⟨
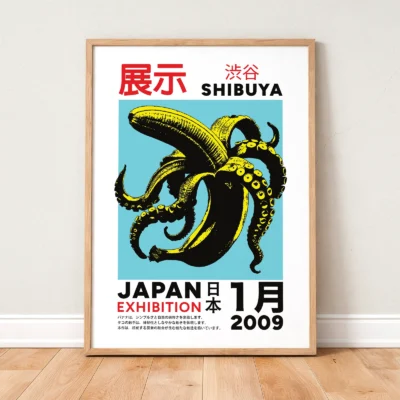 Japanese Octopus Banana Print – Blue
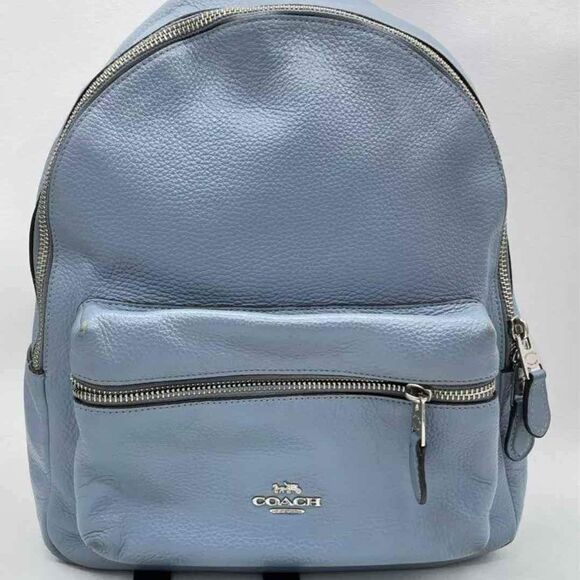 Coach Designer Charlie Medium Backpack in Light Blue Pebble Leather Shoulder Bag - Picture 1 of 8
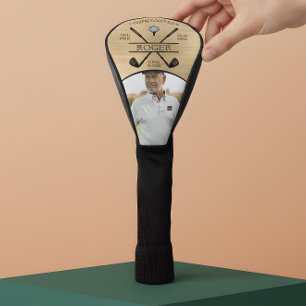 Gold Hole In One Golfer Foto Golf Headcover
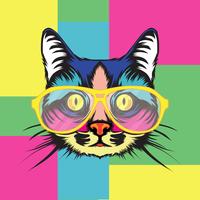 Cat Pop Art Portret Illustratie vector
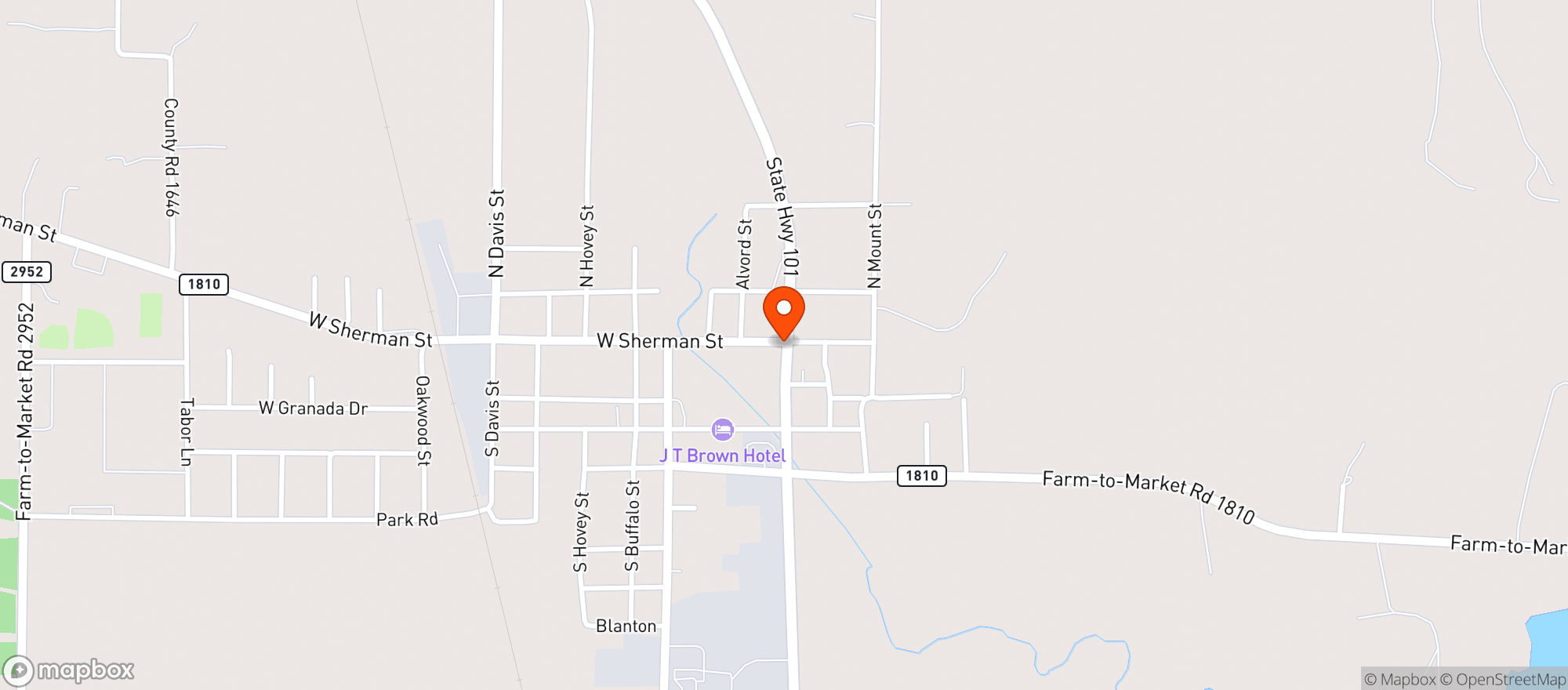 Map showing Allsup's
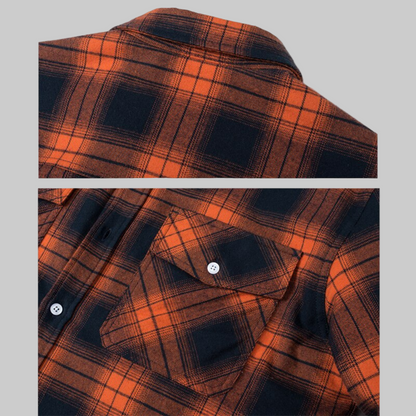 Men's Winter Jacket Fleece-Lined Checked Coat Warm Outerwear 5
⟩
What this task involves => Make an exact copy of the listing above. Its pictures are not needed.

Task solution =>
 Japanese Octopus Banana Print – Blue
 Coach Designer Charlie Medium Backpack in Light Blue Pebble Leather Shoulder Bag - Picture 1 of 8
 Gold Hole In One Golfer Foto Golf Headcover
 Cat Pop Art Portret Illustratie vector
 Map showing Allsup's
 Men's Winter Jacket Fleece-Lined Checked Coat Warm Outerwear 5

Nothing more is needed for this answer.